Mar 13 2009
Replaceing “marriage” with “domestic partnerships.”
The initiative process in California is abused, overused, and produces bad laws. It was intended to function to legislate when the Legislature wouldn’t legislate on issues. It has become over-used to the point that there are so many initiatives on the ballot that voters are confused. The presence of this abuse leads the Legislature to abandon their responsibilities and place everything on the ballot that they should be doing - water, high spped rail, education funding are just a few issues to use as examples.
Coming on the ballot soon, although it hasn’t finished the signature process, is an initiative to replace marriage with domestic partnerships for all - at least in California. The thought behind the measure is that if homosexual couples cannot marry, then neither should heterosexual couples. Basically, if the homosexuals cannot have the word marriage, then neither should the heterosexual couples.

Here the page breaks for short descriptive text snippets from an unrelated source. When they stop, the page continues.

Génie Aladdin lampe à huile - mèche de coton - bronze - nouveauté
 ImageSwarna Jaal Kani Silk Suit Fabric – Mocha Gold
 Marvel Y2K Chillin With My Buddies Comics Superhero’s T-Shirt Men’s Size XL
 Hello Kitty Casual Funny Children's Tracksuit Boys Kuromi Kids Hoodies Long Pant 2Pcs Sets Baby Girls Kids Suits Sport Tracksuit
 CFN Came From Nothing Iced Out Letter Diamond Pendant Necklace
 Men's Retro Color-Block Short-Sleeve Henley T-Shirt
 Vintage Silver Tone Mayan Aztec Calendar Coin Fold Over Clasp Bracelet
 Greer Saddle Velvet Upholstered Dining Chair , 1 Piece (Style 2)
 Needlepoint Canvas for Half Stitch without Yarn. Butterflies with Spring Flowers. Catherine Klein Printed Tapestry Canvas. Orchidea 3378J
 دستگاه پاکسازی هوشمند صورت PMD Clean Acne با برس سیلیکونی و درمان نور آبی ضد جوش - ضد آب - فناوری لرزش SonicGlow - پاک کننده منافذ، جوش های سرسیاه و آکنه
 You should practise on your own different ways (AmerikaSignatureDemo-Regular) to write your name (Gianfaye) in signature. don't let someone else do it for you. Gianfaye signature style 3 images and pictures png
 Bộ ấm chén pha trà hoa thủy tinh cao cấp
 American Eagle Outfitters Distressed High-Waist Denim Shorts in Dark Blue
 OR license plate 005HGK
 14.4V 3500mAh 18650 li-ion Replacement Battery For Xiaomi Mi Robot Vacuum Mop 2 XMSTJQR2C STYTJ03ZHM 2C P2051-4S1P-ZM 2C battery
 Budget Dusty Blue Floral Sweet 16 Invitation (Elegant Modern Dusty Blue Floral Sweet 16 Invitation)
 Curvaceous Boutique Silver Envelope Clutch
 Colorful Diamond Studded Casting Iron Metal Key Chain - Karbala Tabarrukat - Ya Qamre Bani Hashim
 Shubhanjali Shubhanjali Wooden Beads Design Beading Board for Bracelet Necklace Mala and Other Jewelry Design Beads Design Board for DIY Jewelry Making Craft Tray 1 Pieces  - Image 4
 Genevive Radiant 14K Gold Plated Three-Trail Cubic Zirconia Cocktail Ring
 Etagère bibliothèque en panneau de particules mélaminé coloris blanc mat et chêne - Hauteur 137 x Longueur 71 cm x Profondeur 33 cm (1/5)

This is ridiculous. Homosexual marriages were never the same as heterosexual marriages. There was never going to be an equality between the two in California, and to say that replacing everything with domestic partnerships will be “equal” is ridiculous. Homosexual couples, even if they were married, would not be counted as married for federal purposes, for the census or for federal taxes. There was never going to be equality on the marriage issue, so to remove the word marriage from law is ridiculous. Additionally, marriage is a recognized state for federal law for heterosexual couples. Removing the term marriage from California law doesn’t equal that out.
There is no equality on this issue, and there likely won’t be for decades to come. It is unclear whether there should be equality on this issue. There are many things still to be decided.
The CA Supreme Court seems to be in favor of letting Prop. 8 stand - meaning that only marriage between a man and a woman will be recognized as marriage in California. The people voted. This is what they came up with.